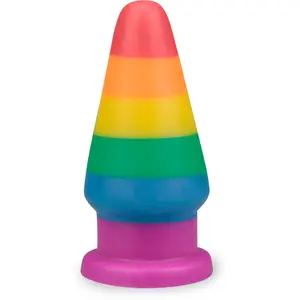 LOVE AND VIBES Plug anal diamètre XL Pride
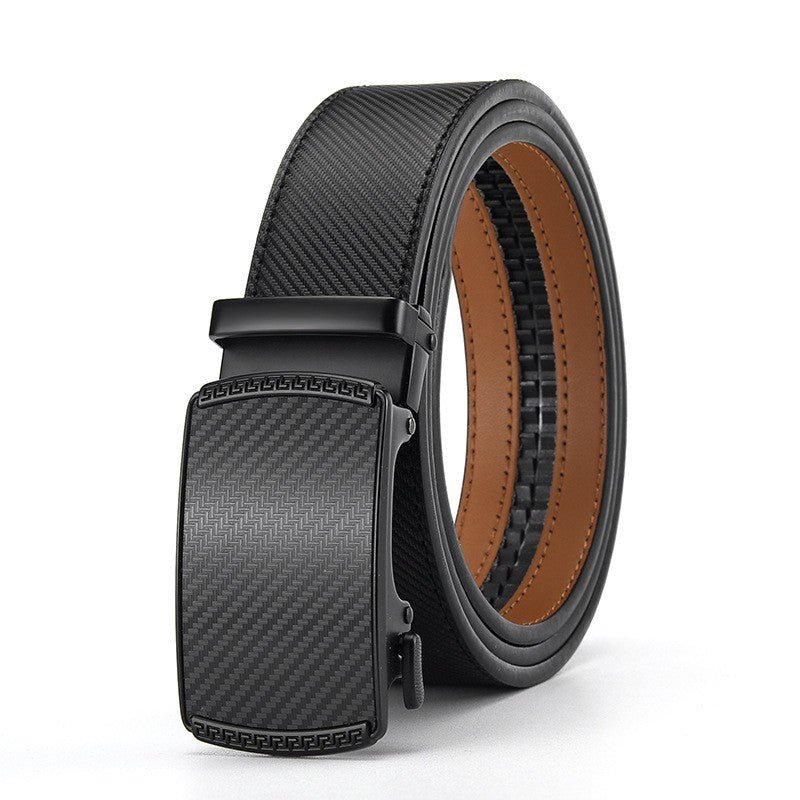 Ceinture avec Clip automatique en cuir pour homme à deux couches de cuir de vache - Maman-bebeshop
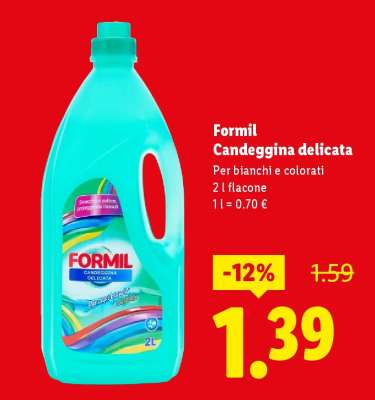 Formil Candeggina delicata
○ ○ ○ ○ ○
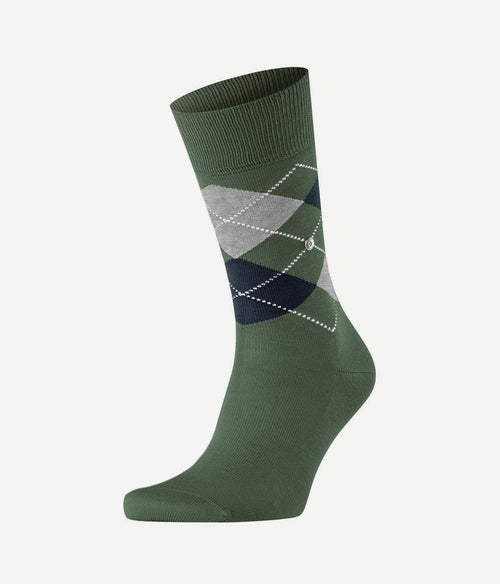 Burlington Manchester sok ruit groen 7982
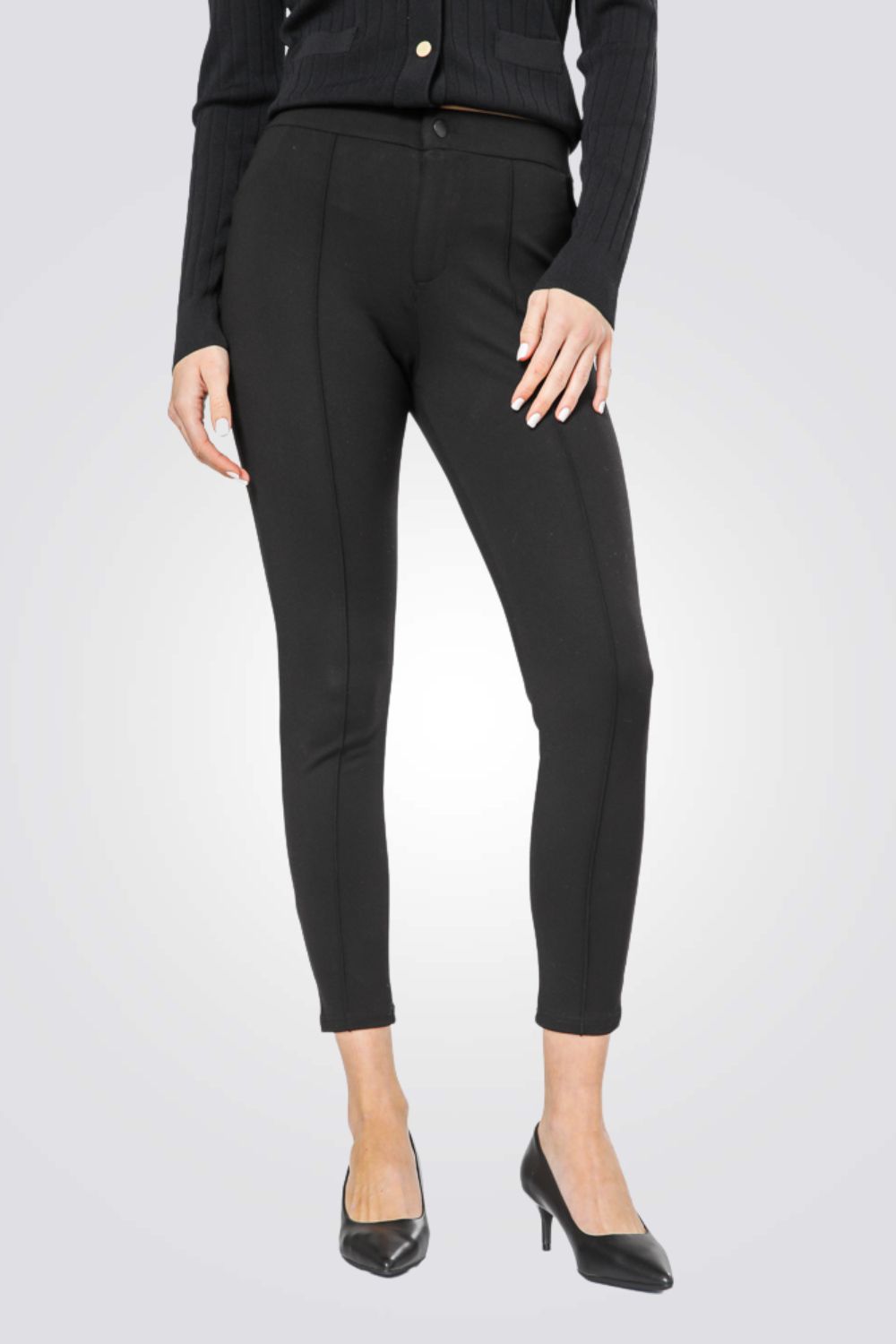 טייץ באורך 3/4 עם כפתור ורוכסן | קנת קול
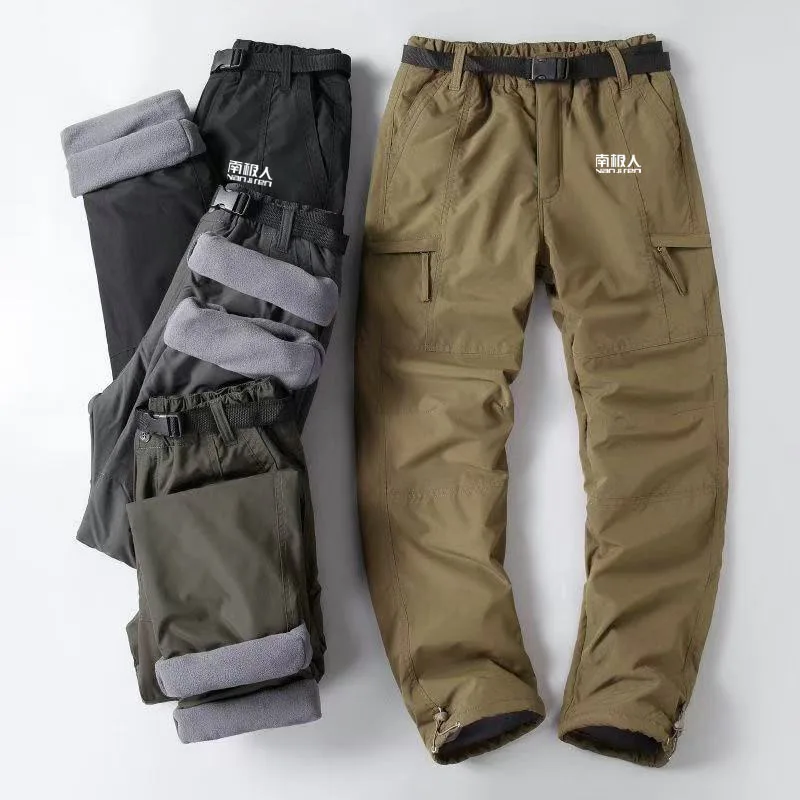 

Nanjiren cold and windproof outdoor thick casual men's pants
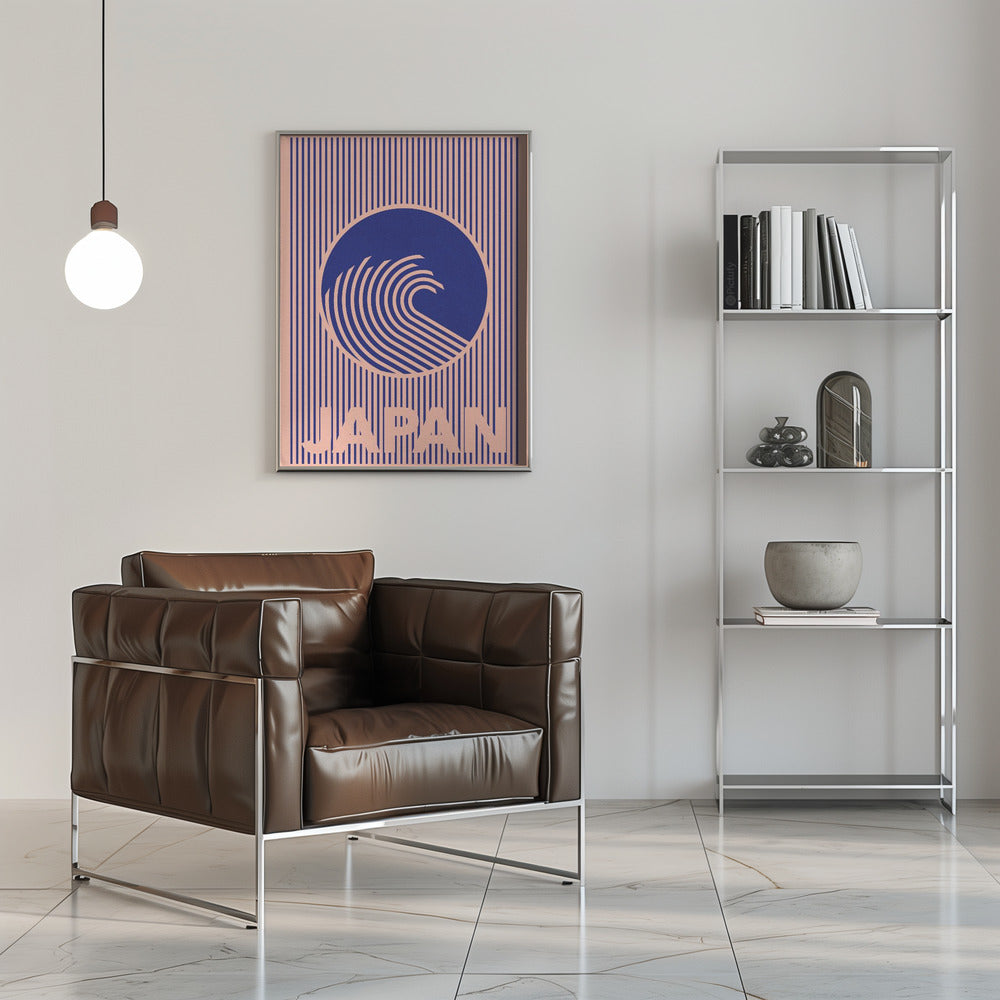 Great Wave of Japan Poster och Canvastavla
○ ○ ○ ○ ○
AIM OF THE TASK: All pictures are to be skipped. Output, word for word, the lines in the data above starting at the line containing "LOVE AND VIBES Plug anal diamètre XL Pride" and ending at the line containing "Formil Candeggina delicata".

WRITTEN SOLUTION:
 LOVE AND VIBES Plug anal diamètre XL Pride
 Ceinture avec Clip automatique en cuir pour homme à deux couches de cuir de vache - Maman-bebeshop
 Formil Candeggina delicata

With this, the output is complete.